Alors les Allemands s’étaient engouffrés dans le milieu en losange français et dévoré les chimères qui nous charmaient encore. C’est au lendemain de cette défaite tactique et sportive que fut inventé un concept original qui séduira la totalité du sport français au moment d’expliquer l’inexplicable, de comprendre l’incompréhensible. Une défaite sportive pouvait être aussi une victoire morale. Le concept fut énoncé par Albert Batteux dans L’Equipe du 10-11 juillet 1982 : "je dirais simplement que [l’équipe de France] a connu une défaite victorieuse. Qu’elle a perdu sa demi-finale, mais qu’elle a gagné beaucoup de choses."
Avoir souffert ensemble
Une "défaite victorieuse" est une défaite sur le plan du jeu mais une victoire sur celui de la morale. La défaite de Séville, fructueuse en récits et obsessions, sera depuis lors l’occasion d’une profusion ininterrompue depuis 30 ans d’écrits, de chroniques, de langage, de souvenirs et de témoignages opportuns. Plus on perdait Séville sur le plan du jeu, plus on le gagnait sur le plan de la morale. Depuis Séville, la victoire n’était plus une affaire de simples circonstances sportives mais également, et surtout, de grandeur morale. Conséquence logique : dès lors au nom de la France et devant l’histoire, mieux valait désormais être victime d’une injustice que coupable d’en commettre une nouvelle. Comprendre : mieux valait être Battiston que Schumacher.

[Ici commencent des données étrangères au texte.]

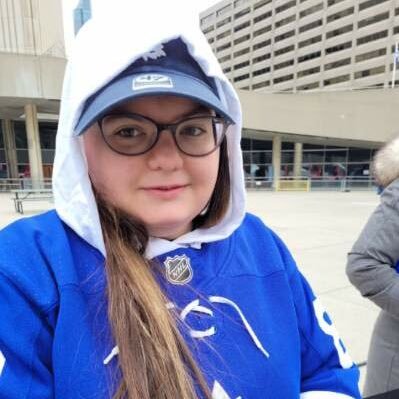 The biggest fan of the Toronto Maple Leafs. and love hockey and is 19 years old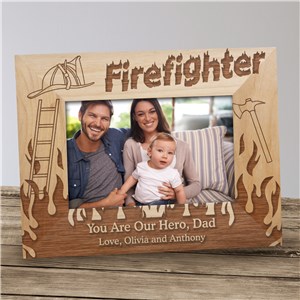 Personalized Firefighter Wood Picture Frame | Personalized Picture Frames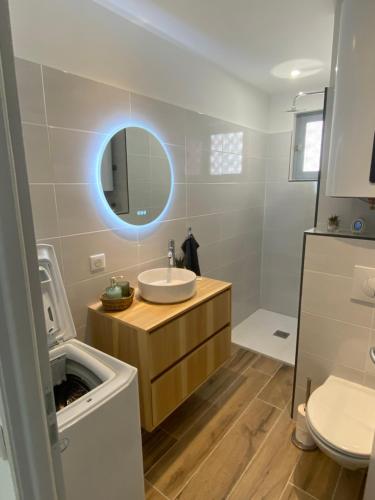 a bathroom with a sink and a mirror at Mistral gagnant - parking privé in Cassis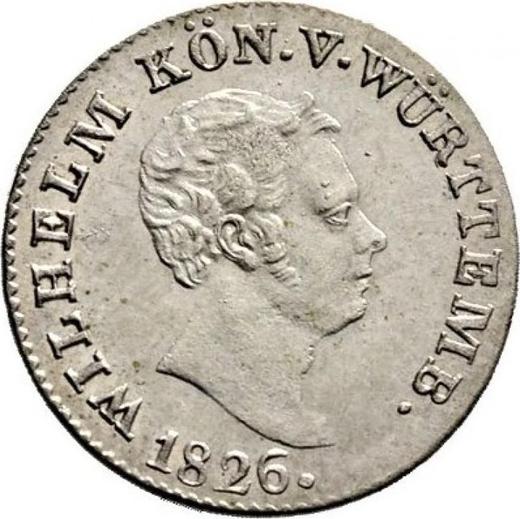 Аверс монеты - 3 крейцера 1826 года - цена серебряной монеты - Вюртемберг, Вильгельм I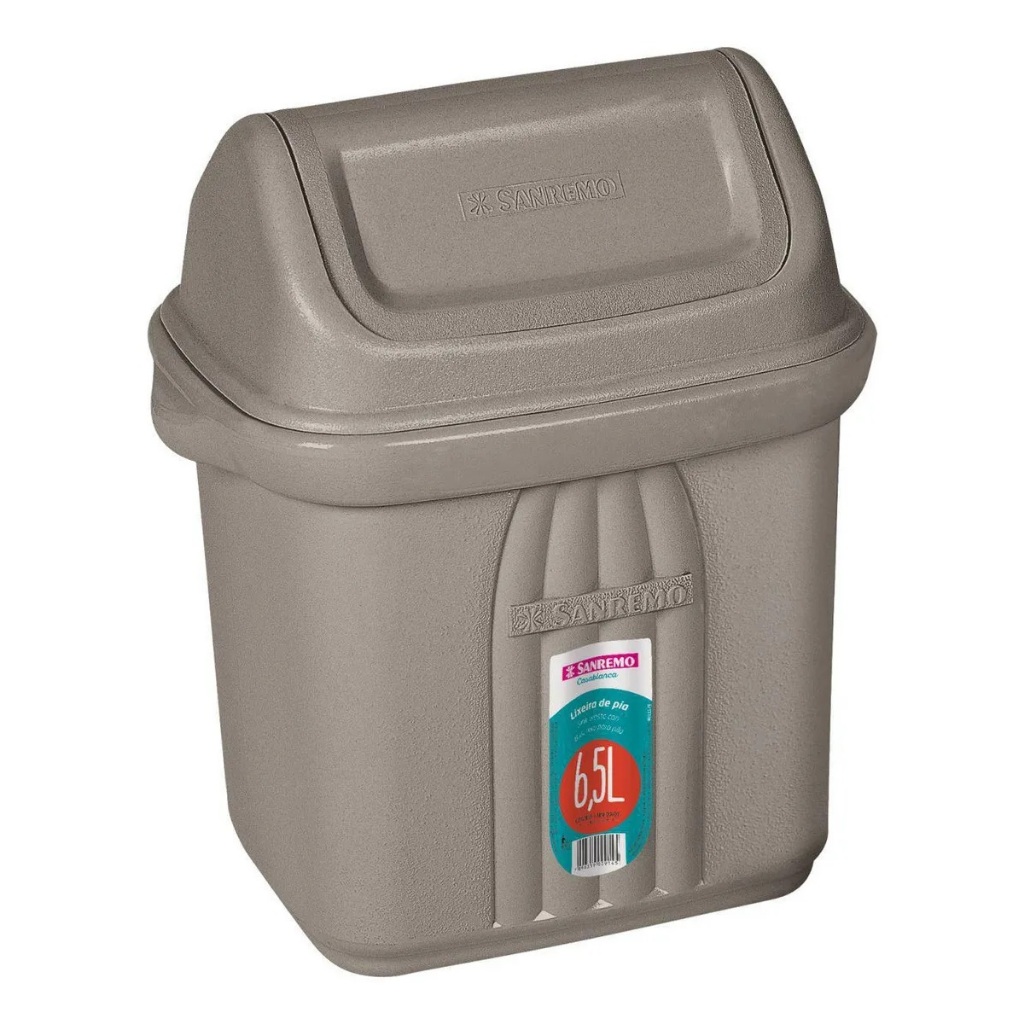 Lixeira Sanremo Com Tampa Basculante 6,5 Litros Cinza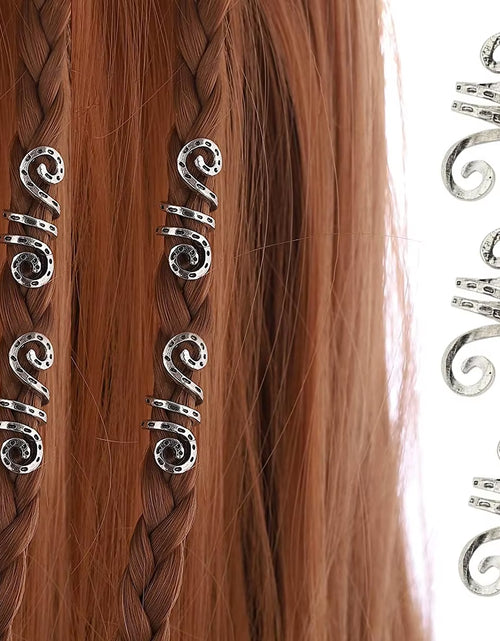 Load image into Gallery viewer, 5Pcs Golden Silver Viking Spiral Charms Hair Tubes Braid Dread Dreadlock Beads Clips Cuffs Rings Jewelry Hair Accessories Woman

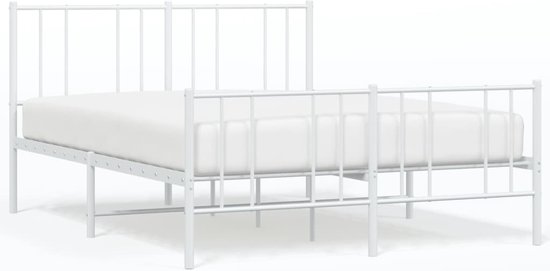 vidaXL Cadre de lit avec tête et pied de lit Métal Blanc 140 x 200 cm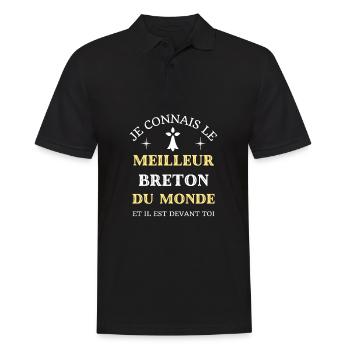 t shirt meilleur breton du monde humour bretagne - Polo Homme - noir - Devant - Kai (181cm)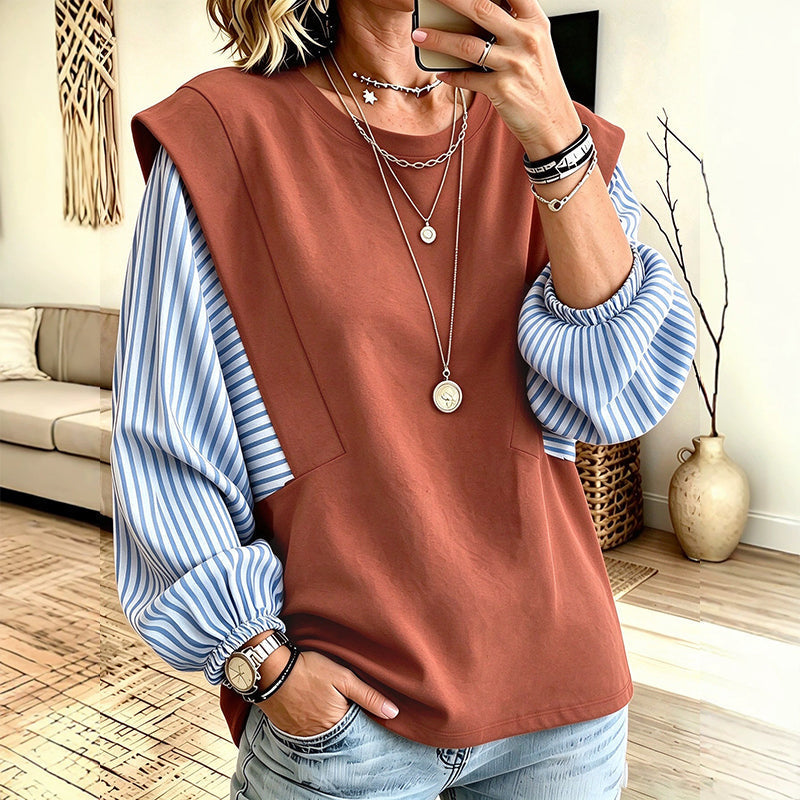 Women's Casual Patchwork Long Sleeve Top
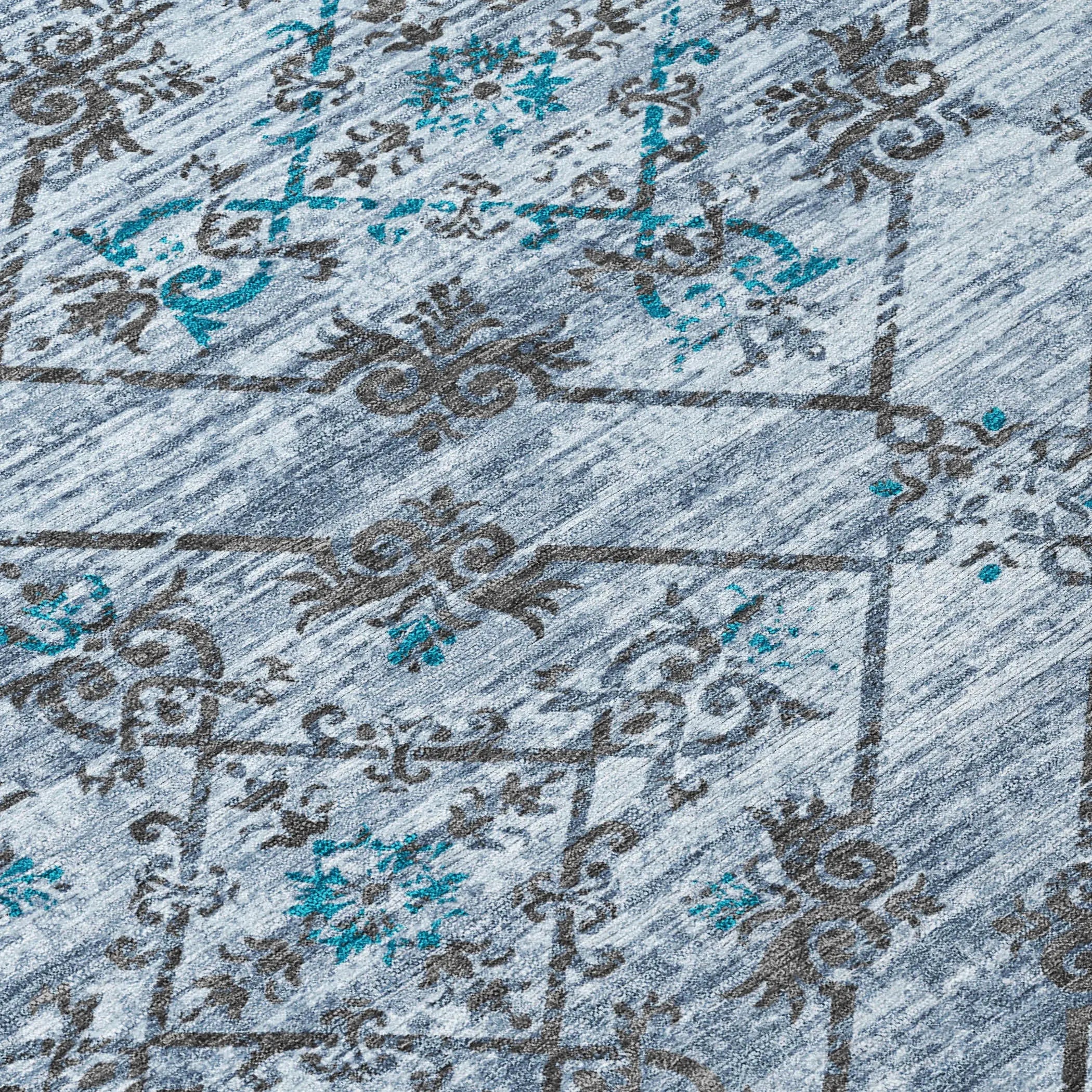 5' X 8' Denim Blue And Ivory Geometric Washable Indoor Outdoor Area Rug Homeroots Outdoor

Ernest Renan, philosophe officiel de notre République, nous avait averti dès 1882. Le ciment de la nation c’est la défaite, pas la victoire : "'avoir souffert ensemble' ; oui, la souffrance en commun unit plus que la joie. En fait de souvenirs nationaux, les deuils valent mieux que les triomphes, car ils imposent des devoirs, ils commandent l'effort en commun." C’est parce qu’une défaite bien chantée sera toujours supérieure à une victoire mal remportée que les déroutes et les désespoirs ponctuels construisent le grand récit de notre destin sportif national. Conclusion : plutôt France-Bulgarie 93 que France-Brésil 98. Du coup, nouveau problème. Aujourd'hui, à qui doit aller notre préférence : à Saint-Denis 2016 (finale de l’Euro perdue à domicile) ou à Moscou 2018 (victoire en coupe du monde) ?
Champions du monde dans le silence
Deux semaines après la finale et devant le silence poli des chroniques étrangères, l’observation mène à un drôle de constat : l’équipe de France, en respectant un principe d’économie de moyens tactiques en dépit de l’infinité relative et absolue de ses ressources (et de l’ingéniosité de ses meilleurs chroniqueurs bien décidés à conceptualiser l’inconceptualisable) a remporté un titre mondial sans susciter le moindre enthousiasme - hormis en France bien sûr.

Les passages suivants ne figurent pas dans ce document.